Broadway had found its new Fanny Brice. “CBS Mornings” called Benko “Broadway’s breakout star.” Today.com wrote, “Julie Benko might be the greatest star of them all” and The New York Times named her the 2022 Breakout Star for Theatre saying, “Julie Benko is the bright eyed, dulcet-voiced soprano who went from standby to star.”
“The whole experience of breaking out from ‘standby’ to ‘star’ in ‘Funny Girl’ was so unexpected,” Benko said in an email responding to questions from the Aspen Daily News. “But what was so magical about it was that it mirrored Fanny’s character journey in the show. When Fanny starts out, she’s a total unknown and no one will give her a second thought. When I stepped out on stage as the understudy, there were always audience members who were disappointed they weren’t seeing the full-time star. But once I sang ‘The Greatest Star,’ I could feel the shift from all of them — and suddenly, they were cheering me on. By the end of the show, we’d all gone on a transformative journey together.”

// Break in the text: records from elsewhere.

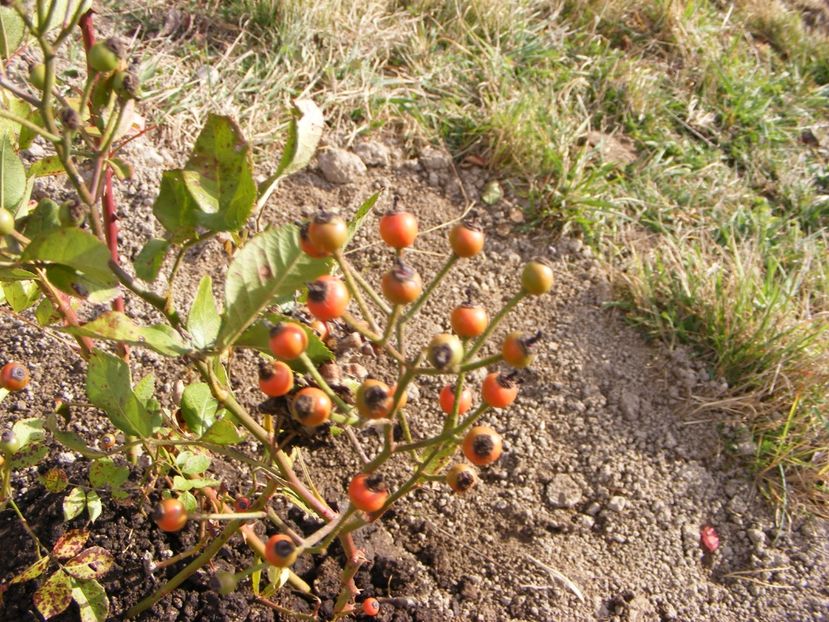 Perennial Blush - Macese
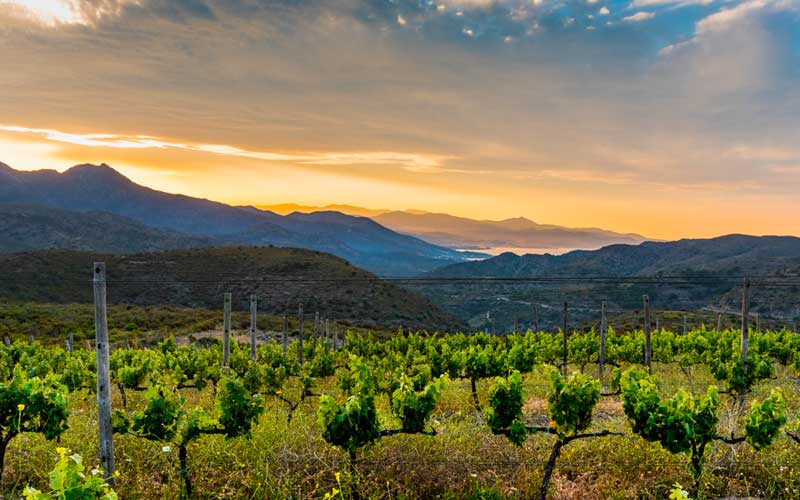 Ruta del vino DO Empord&agrave; bodegas Alt y Baix emporda Costa Brava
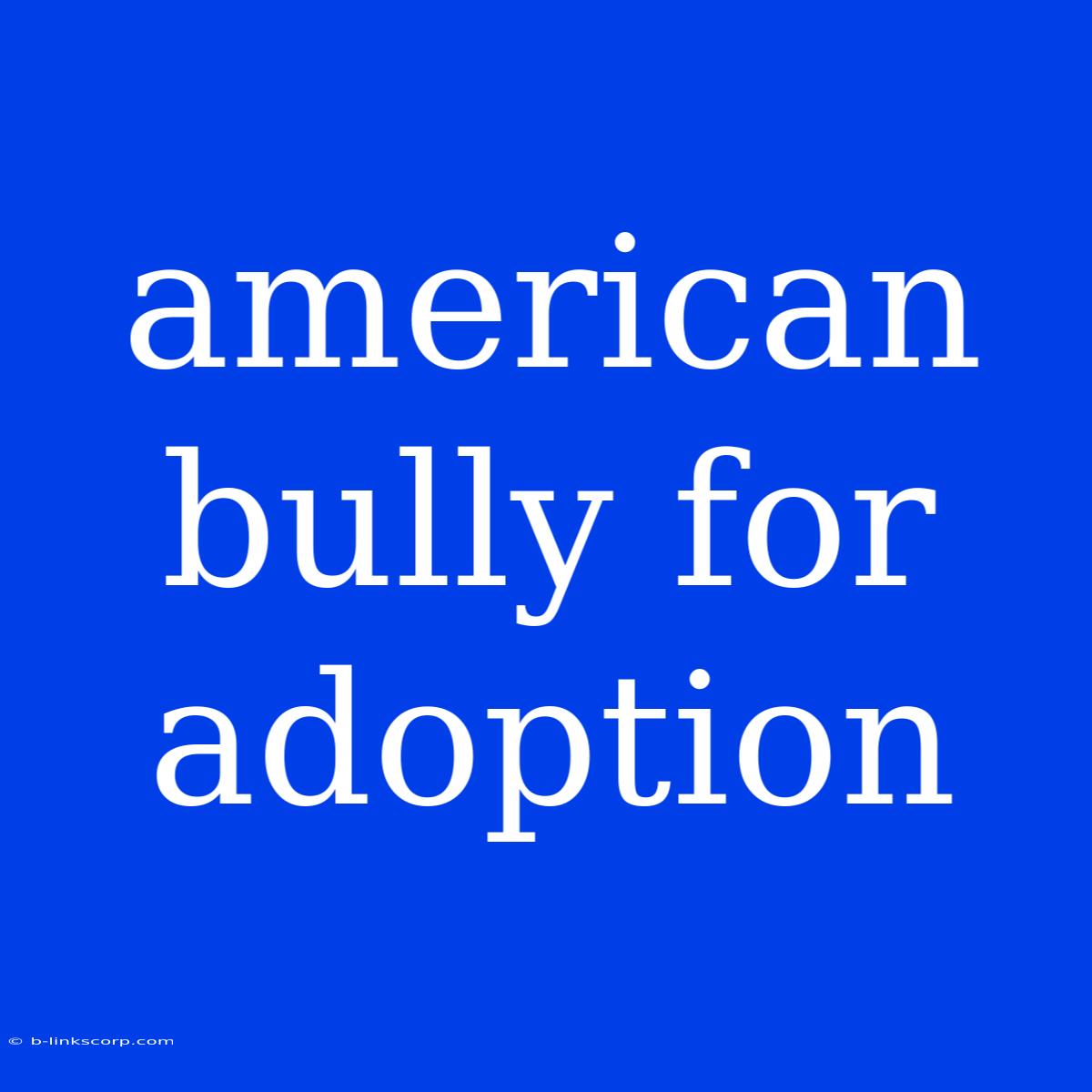 American Bully For Adoption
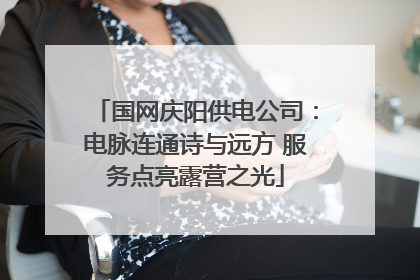 国网庆阳供电公司：电脉连通诗与远方 服务点亮露营之光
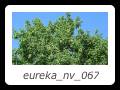 eureka_nv_067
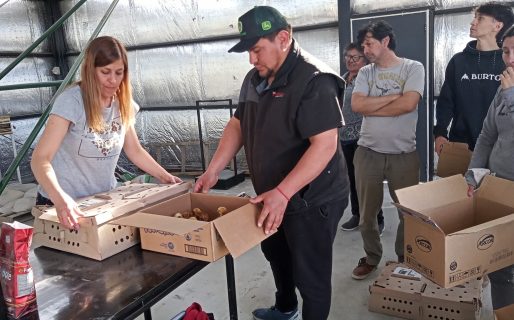 Comodoro continúa invirtiendo en la producción local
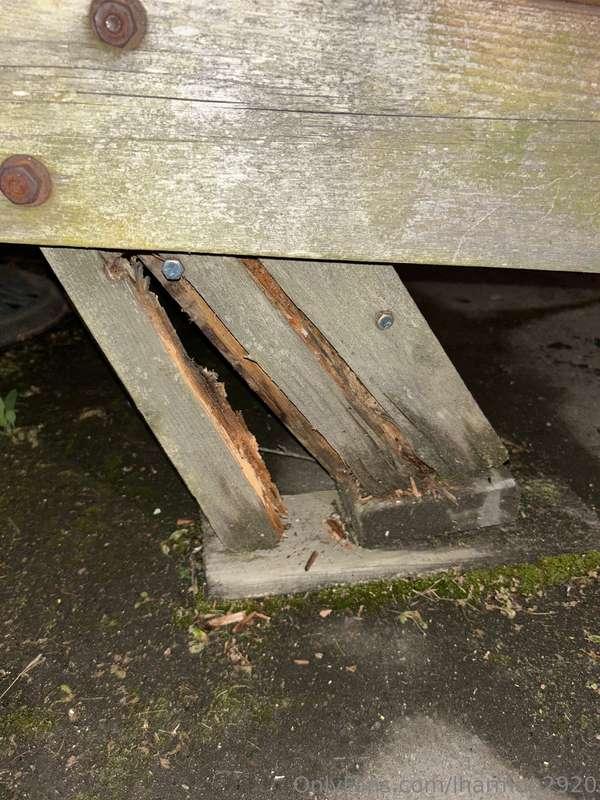 Moments later I broke this picnic table! lol what a mileston..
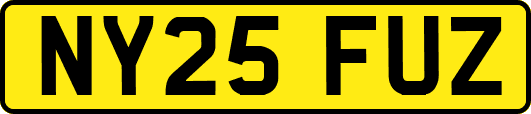 NY25FUZ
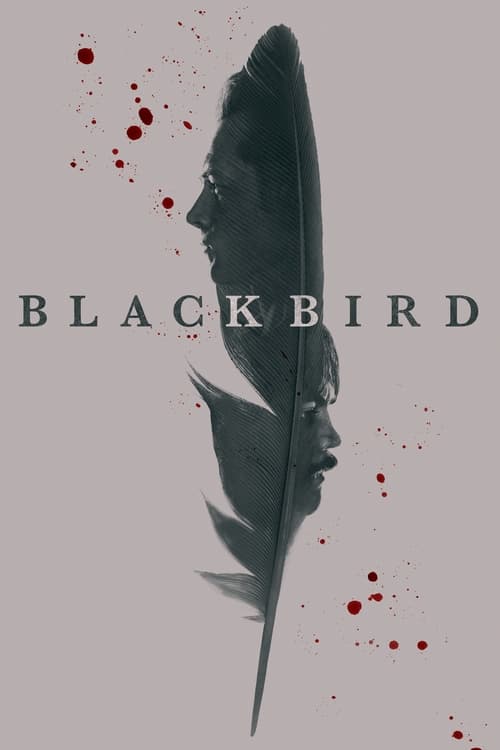 Black Bird -  poster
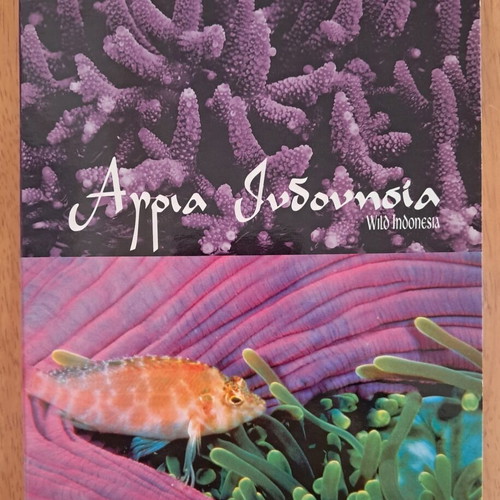 Wild Indonesia DVD like new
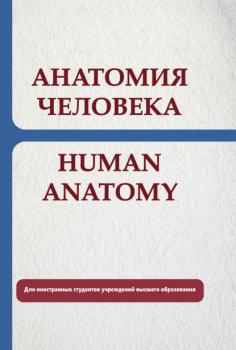 Анатомия человека. Human anatomy - Е. С. Околокулак 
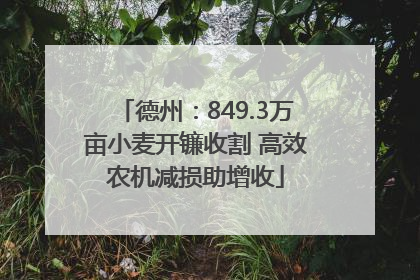 德州：849.3万亩小麦开镰收割 高效农机减损助增收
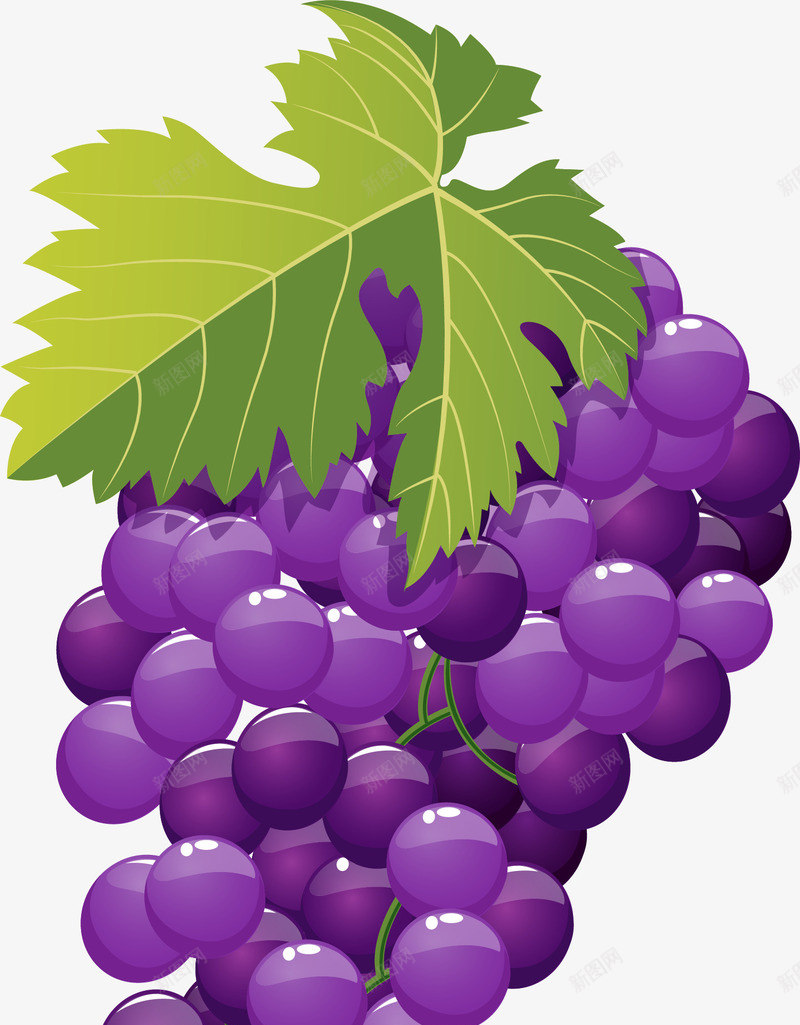 新鲜美味的紫色葡萄png免抠素材_新图网 https://ixintu.com 一串葡萄 新鲜的葡萄 矢量png 紫色葡萄 营养的葡萄 葡萄藤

The name of Benko’s cabaret show that she is performing at Hotel Jerome along with her husband Jason Yeager on piano is called “Standby, Me” and will surely include stories and songs from her experience in “Funny Girl.”
When asked to describe the art of performing cabaret, Benko said, “Cabaret is an art form that mixes music with storytelling. It’s personal and autobiographical. Cabaret requires an ease and rapport with the audience; it’s as though I’m coming into your living room. You want things to be alive and different night-to-night so nothing feels contrived. It’s different from playing a character in a theater piece. You are playing yourself which can be the hardest thing of all.”
The reviews of her cabaret show with Yeager have been glowing. “Jason Yeager and Julie Benko are adorable. Revision: they are A-DOR-ABLE,”said Broadway World Cabaret. “Both Benko and Yeager are consummate musical artists. It’s a genuine pleasure to see them operate in person. They have arrived in style, and with success supreme.” Showbiz 411 wrote, “As Benko demonstrates amply, she is a master at the cabaret genre.”
Theatre Aspen’s 2024 Summer Cabaret Series includes three more shows: “Behind the Broadway Curtain: Songs From and About the Business of Show” on July 14; “Broadway Game Night: An Evening of Music, Mayhem and More!” on Aug. 4 and “Heroes vs. Villains: A Broadway Showdown” on Aug. 11.